• Assigned task
Give every entry again, word for word.
+++ Data supplied +++
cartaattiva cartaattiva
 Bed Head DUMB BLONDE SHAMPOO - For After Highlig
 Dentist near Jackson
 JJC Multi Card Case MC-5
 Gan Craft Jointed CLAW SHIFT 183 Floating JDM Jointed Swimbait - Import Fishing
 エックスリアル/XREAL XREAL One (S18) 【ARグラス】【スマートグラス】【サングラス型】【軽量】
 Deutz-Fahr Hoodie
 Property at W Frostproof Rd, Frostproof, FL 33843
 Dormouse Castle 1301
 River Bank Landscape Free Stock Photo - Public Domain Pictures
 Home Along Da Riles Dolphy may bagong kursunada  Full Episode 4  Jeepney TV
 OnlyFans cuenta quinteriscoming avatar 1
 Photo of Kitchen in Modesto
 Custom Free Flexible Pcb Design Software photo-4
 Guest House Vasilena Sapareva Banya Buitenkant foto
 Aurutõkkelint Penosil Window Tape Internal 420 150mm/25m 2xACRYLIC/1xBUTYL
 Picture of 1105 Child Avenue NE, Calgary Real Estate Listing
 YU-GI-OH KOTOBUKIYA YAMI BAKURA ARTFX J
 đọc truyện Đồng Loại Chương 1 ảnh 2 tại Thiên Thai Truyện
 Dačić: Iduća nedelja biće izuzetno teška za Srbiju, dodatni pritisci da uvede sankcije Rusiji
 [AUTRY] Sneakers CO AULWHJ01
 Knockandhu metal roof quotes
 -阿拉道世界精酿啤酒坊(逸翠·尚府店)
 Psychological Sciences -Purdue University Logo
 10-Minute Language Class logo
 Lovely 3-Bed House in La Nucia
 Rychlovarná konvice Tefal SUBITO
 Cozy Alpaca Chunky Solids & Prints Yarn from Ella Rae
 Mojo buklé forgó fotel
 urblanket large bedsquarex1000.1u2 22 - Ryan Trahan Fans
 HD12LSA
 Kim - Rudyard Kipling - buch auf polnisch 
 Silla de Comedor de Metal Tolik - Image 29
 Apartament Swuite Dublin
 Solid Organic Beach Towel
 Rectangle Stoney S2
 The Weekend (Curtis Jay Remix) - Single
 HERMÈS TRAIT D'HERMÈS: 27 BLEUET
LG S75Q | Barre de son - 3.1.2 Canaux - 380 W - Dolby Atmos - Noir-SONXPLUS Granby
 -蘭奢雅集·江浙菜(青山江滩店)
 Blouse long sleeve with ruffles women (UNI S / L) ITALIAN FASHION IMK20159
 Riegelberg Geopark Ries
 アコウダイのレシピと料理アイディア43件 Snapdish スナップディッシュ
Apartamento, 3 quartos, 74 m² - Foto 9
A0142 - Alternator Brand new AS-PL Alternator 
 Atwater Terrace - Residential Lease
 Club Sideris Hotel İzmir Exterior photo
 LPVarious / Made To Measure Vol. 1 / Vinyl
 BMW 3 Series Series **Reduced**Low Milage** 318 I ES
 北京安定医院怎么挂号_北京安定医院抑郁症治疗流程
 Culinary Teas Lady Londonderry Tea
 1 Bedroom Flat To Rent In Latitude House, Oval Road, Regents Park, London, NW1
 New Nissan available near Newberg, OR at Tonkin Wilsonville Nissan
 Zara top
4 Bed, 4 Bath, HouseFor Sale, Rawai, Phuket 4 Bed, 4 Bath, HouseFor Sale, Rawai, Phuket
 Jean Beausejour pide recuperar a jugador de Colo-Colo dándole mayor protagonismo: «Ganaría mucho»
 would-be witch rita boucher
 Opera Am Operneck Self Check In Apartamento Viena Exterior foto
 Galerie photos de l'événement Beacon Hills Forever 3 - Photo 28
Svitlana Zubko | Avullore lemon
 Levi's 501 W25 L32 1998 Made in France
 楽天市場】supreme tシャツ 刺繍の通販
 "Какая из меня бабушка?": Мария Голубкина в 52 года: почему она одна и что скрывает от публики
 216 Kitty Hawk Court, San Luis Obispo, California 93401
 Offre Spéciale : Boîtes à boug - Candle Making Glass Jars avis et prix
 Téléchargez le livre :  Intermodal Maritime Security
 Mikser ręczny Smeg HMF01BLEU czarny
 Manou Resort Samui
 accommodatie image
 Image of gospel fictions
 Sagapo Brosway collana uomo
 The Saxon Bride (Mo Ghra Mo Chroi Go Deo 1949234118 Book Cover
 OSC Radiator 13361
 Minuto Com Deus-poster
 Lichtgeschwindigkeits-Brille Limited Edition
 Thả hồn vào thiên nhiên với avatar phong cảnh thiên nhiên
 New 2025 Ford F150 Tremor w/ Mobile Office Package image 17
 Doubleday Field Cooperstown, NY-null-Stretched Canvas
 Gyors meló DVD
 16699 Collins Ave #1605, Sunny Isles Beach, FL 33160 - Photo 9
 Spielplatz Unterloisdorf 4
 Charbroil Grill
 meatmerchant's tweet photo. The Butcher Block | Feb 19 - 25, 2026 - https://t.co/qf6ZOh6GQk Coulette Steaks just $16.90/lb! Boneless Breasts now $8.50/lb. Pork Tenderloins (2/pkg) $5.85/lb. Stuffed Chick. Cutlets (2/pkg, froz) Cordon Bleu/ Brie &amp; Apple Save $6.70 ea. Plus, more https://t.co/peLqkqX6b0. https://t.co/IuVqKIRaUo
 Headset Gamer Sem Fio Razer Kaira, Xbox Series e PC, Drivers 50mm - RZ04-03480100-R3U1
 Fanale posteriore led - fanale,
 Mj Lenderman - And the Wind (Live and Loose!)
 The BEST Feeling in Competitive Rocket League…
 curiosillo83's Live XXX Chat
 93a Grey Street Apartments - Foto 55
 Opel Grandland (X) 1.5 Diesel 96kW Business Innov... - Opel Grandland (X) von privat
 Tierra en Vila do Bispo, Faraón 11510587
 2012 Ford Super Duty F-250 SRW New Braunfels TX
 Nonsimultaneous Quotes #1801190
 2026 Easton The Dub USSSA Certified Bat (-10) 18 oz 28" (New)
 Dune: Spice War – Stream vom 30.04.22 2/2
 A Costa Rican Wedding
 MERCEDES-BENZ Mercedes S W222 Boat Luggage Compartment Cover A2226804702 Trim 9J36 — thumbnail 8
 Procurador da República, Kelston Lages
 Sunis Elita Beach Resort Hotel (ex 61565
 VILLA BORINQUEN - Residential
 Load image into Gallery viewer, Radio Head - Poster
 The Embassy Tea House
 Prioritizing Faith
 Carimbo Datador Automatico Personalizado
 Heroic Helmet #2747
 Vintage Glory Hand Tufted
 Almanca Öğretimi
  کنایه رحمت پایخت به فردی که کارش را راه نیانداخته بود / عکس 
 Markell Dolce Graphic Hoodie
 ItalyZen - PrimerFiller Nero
+++
• Result
cartaattiva cartaattiva
 Bed Head DUMB BLONDE SHAMPOO - For After Highlig
 Dentist near Jackson
 JJC Multi Card Case MC-5
 Gan Craft Jointed CLAW SHIFT 183 Floating JDM Jointed Swimbait - Import Fishing
 エックスリアル/XREAL XREAL One (S18) 【ARグラス】【スマートグラス】【サングラス型】【軽量】
 Deutz-Fahr Hoodie
 Property at W Frostproof Rd, Frostproof, FL 33843
 Dormouse Castle 1301
 River Bank Landscape Free Stock Photo - Public Domain Pictures
 Home Along Da Riles Dolphy may bagong kursunada  Full Episode 4  Jeepney TV
 OnlyFans cuenta quinteriscoming avatar 1
 Photo of Kitchen in Modesto
 Custom Free Flexible Pcb Design Software photo-4
 Guest House Vasilena Sapareva Banya Buitenkant foto
 Aurutõkkelint Penosil Window Tape Internal 420 150mm/25m 2xACRYLIC/1xBUTYL
 Picture of 1105 Child Avenue NE, Calgary Real Estate Listing
 YU-GI-OH KOTOBUKIYA YAMI BAKURA ARTFX J
 đọc truyện Đồng Loại Chương 1 ảnh 2 tại Thiên Thai Truyện
 Dačić: Iduća nedelja biće izuzetno teška za Srbiju, dodatni pritisci da uvede sankcije Rusiji
 [AUTRY] Sneakers CO AULWHJ01
 Knockandhu metal roof quotes
 -阿拉道世界精酿啤酒坊(逸翠·尚府店)
 Psychological Sciences -Purdue University Logo
 10-Minute Language Class logo
 Lovely 3-Bed House in La Nucia
 Rychlovarná konvice Tefal SUBITO
 Cozy Alpaca Chunky Solids & Prints Yarn from Ella Rae
 Mojo buklé forgó fotel
 urblanket large bedsquarex1000.1u2 22 - Ryan Trahan Fans
 HD12LSA
 Kim - Rudyard Kipling - buch auf polnisch 
 Silla de Comedor de Metal Tolik - Image 29
 Apartament Swuite Dublin
 Solid Organic Beach Towel
 Rectangle Stoney S2
 The Weekend (Curtis Jay Remix) - Single
 HERMÈS TRAIT D'HERMÈS: 27 BLEUET
LG S75Q | Barre de son - 3.1.2 Canaux - 380 W - Dolby Atmos - Noir-SONXPLUS Granby
 -蘭奢雅集·江浙菜(青山江滩店)
 Blouse long sleeve with ruffles women (UNI S / L) ITALIAN FASHION IMK20159
 Riegelberg Geopark Ries
 アコウダイのレシピと料理アイディア43件 Snapdish スナップディッシュ
Apartamento, 3 quartos, 74 m² - Foto 9
A0142 - Alternator Brand new AS-PL Alternator 
 Atwater Terrace - Residential Lease
 Club Sideris Hotel İzmir Exterior photo
 LPVarious / Made To Measure Vol. 1 / Vinyl
 BMW 3 Series Series **Reduced**Low Milage** 318 I ES
 北京安定医院怎么挂号_北京安定医院抑郁症治疗流程
 Culinary Teas Lady Londonderry Tea
 1 Bedroom Flat To Rent In Latitude House, Oval Road, Regents Park, London, NW1
 New Nissan available near Newberg, OR at Tonkin Wilsonville Nissan
 Zara top
4 Bed, 4 Bath, HouseFor Sale, Rawai, Phuket 4 Bed, 4 Bath, HouseFor Sale, Rawai, Phuket
 Jean Beausejour pide recuperar a jugador de Colo-Colo dándole mayor protagonismo: «Ganaría mucho»
 would-be witch rita boucher
 Opera Am Operneck Self Check In Apartamento Viena Exterior foto
 Galerie photos de l'événement Beacon Hills Forever 3 - Photo 28
Svitlana Zubko | Avullore lemon
 Levi's 501 W25 L32 1998 Made in France
 楽天市場】supreme tシャツ 刺繍の通販
 "Какая из меня бабушка?": Мария Голубкина в 52 года: почему она одна и что скрывает от публики
 216 Kitty Hawk Court, San Luis Obispo, California 93401
 Offre Spéciale : Boîtes à boug - Candle Making Glass Jars avis et prix
 Téléchargez le livre :  Intermodal Maritime Security
 Mikser ręczny Smeg HMF01BLEU czarny
 Manou Resort Samui
 accommodatie image
 Image of gospel fictions
 Sagapo Brosway collana uomo
 The Saxon Bride (Mo Ghra Mo Chroi Go Deo 1949234118 Book Cover
 OSC Radiator 13361
 Minuto Com Deus-poster
 Lichtgeschwindigkeits-Brille Limited Edition
 Thả hồn vào thiên nhiên với avatar phong cảnh thiên nhiên
 New 2025 Ford F150 Tremor w/ Mobile Office Package image 17
 Doubleday Field Cooperstown, NY-null-Stretched Canvas
 Gyors meló DVD
 16699 Collins Ave #1605, Sunny Isles Beach, FL 33160 - Photo 9
 Spielplatz Unterloisdorf 4
 Charbroil Grill
 meatmerchant's tweet photo. The Butcher Block | Feb 19 - 25, 2026 - https://t.co/qf6ZOh6GQk Coulette Steaks just $16.90/lb! Boneless Breasts now $8.50/lb. Pork Tenderloins (2/pkg) $5.85/lb. Stuffed Chick. Cutlets (2/pkg, froz) Cordon Bleu/ Brie &amp; Apple Save $6.70 ea. Plus, more https://t.co/peLqkqX6b0. https://t.co/IuVqKIRaUo
 Headset Gamer Sem Fio Razer Kaira, Xbox Series e PC, Drivers 50mm - RZ04-03480100-R3U1
 Fanale posteriore led - fanale,
 Mj Lenderman - And the Wind (Live and Loose!)
 The BEST Feeling in Competitive Rocket League…
 curiosillo83's Live XXX Chat
 93a Grey Street Apartments - Foto 55
 Opel Grandland (X) 1.5 Diesel 96kW Business Innov... - Opel Grandland (X) von privat
 Tierra en Vila do Bispo, Faraón 11510587
 2012 Ford Super Duty F-250 SRW New Braunfels TX
 Nonsimultaneous Quotes #1801190
 2026 Easton The Dub USSSA Certified Bat (-10) 18 oz 28" (New)
 Dune: Spice War – Stream vom 30.04.22 2/2
 A Costa Rican Wedding
 MERCEDES-BENZ Mercedes S W222 Boat Luggage Compartment Cover A2226804702 Trim 9J36 — thumbnail 8
 Procurador da República, Kelston Lages
 Sunis Elita Beach Resort Hotel (ex 61565
 VILLA BORINQUEN - Residential
 Load image into Gallery viewer, Radio Head - Poster
 The Embassy Tea House
 Prioritizing Faith
 Carimbo Datador Automatico Personalizado
 Heroic Helmet #2747
 Vintage Glory Hand Tufted
 Almanca Öğretimi
  کنایه رحمت پایخت به فردی که کارش را راه نیانداخته بود / عکس 
 Markell Dolce Graphic Hoodie
 ItalyZen - PrimerFiller Nero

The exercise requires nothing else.